Forex Risk Management: Getting to Know the Basics

One of the most discussed topics is, undoubtedly, Forex risk management. In terms of trading and forex, this is something that should on no account be ignored and neglected.

Understanding Forex Risk Management

The money-making business tends to be quite harsh. What’s more, it allows no mistakes. Even a single miscalculation might result in tremendous losses which may, in turn, force a business person to quit their venture. Therefore, to profit and make great money, you have to understand the concept of risk management. In other words, you’ll have to master managing risk and potential losses.

Absurdly, risk management falls into the most neglected areas when it comes to forex and trading in general. A great number of traders are simply eager to invest and immediately profit from trading. But what they fail is to consider their overall account size. They set the loss they could bear to lose and begin trading.

It’s no wonder why such a way of trading and investing is referred to as gambling.
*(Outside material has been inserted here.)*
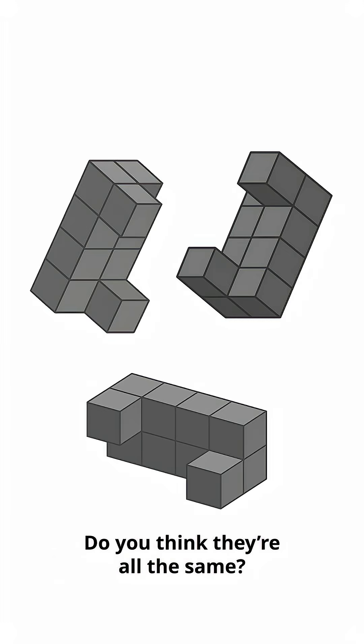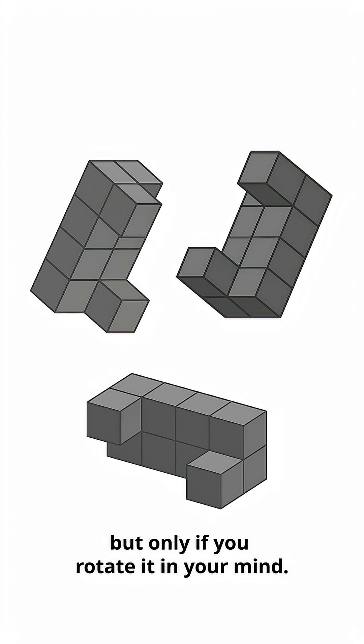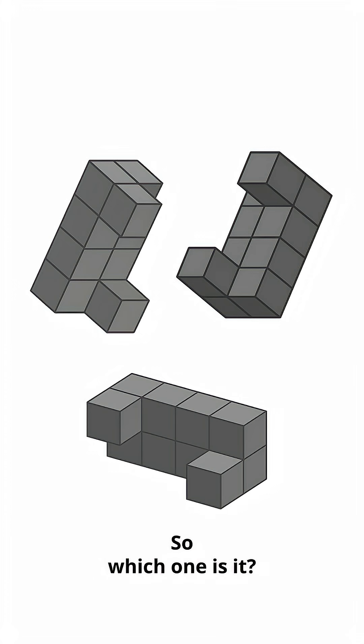Take a look at these shapes. Do you think they're all the same? Only one of the shapes above is identical to the one below, but only if you rotate it in your mind. So, which one is it?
When you fail to incorporate risk management and its rules, you’re actually gambling. The thing is, you’re only expecting to win the jackpot; you’re not looking forward to obtaining a long-term and stable return on the investment you’ve made.
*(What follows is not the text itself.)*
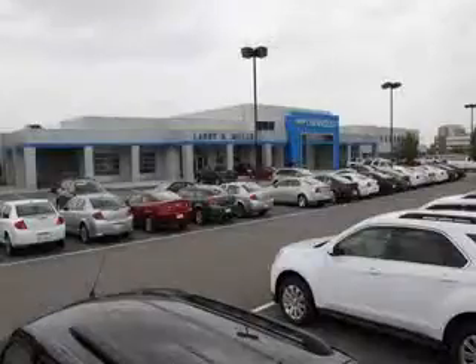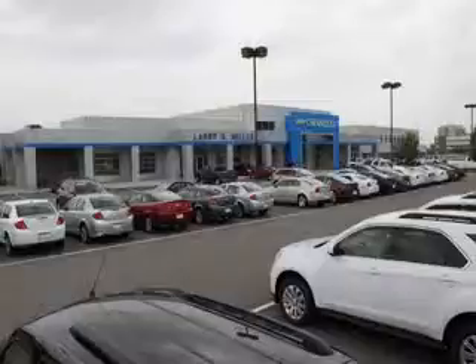Thank you for selecting Larry H. Miller Chevrolet Murray, where we have hundreds of new, pre-owned, and certified vehicles to choose from.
This is where the forex risk management rules kick in. Not only will they secure your investments, but they will also make them lucrative. Finally, forex trading is yet another numbers game. This implies that you must take advantage of every single factor and use it for your benefit.

What Exactly is Forex Risk Management

Forex risk management consists of particular actions that protect the traders against the trade drawbacks. Practically, more risk and higher investments mean a greater chance of considerable returns. However, they also mean the possibility of greater losses. Thus, the ability to manage the risk levels to reduce losses while boosting profit is the vital skill a trader should look forward to acquiring.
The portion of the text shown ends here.